The important properties of stem cells, such as maintenance of quiescence, self-renewal capacity, and differentiation potential, have propelled this exciting field and presently form a common theme of research in developmental biology and medicine.It is involved in complex networks of transcription factors, different signaling molecules and the interaction of genetic and epigenetic events.Fox transcription factors are intimately involved in the regulation of organism development, cell differentiation and proliferation. This paper emphasis on studying the Fox transcription factor FoxM1 and FoxA1 regulate the gene expression of stem cells. We take P19EC as a model for stem cell reasearch and use the three kinds of reasearch systems: P19EC retinoic acid(RA) induced neural differentiation, knockdown Fox transcription factors and overexpression of Fox transcription factors by adenovirus.FoxM1 is broadly expressed in actively dividing cells and is crucial for cell cycle-dependent gene expression in the G2 phase of the cell cycle. It is expressed in all embryonic tissues, adult tissues with a high proliferation index and cancer-derived cell lines. It is expressed in stem cells, while its expression is decrease when cells differentiation.With RA-induced neural differentiation, alkaline phosphatase activity declined, pluripotency gene can be reduced. Inhibit FoxM1 expression, the intracellular alkaline phosphatase activity decreased and pluripotency related genes also decreased.The results suggest FoxM1 mediate the self-renewal and pluripotency of stem cell.Transcription factor FoxA1 play important roles in cellular proliferation and differentiation during embryonic development and also play emerging roles in cancer.FoxA1 plays a role in the early development of central nervous system and endoderm-derived organs like liver and pancreas.
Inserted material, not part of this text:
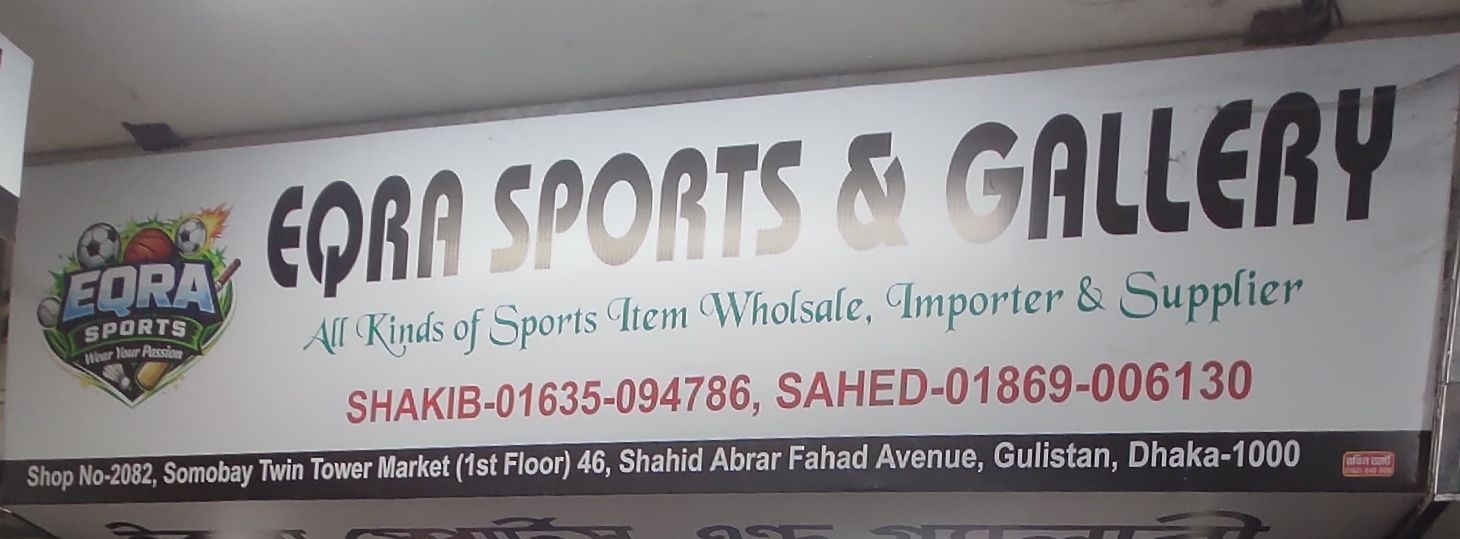 Eqra Sports & Gallery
FoxA1 induced at early time points during RA-induced accompanied by expression of Nanog decline,the neural developmental gene expression in succession. Overexpression of FoxA1 alone in P19 cells decrease the level of Nanog and Nestin increased. Knockout FoxA1 lead to expression of Shh and Nestin blocked. This paper find that increased transcription factor FoxA1 can stimulate neural differentiation.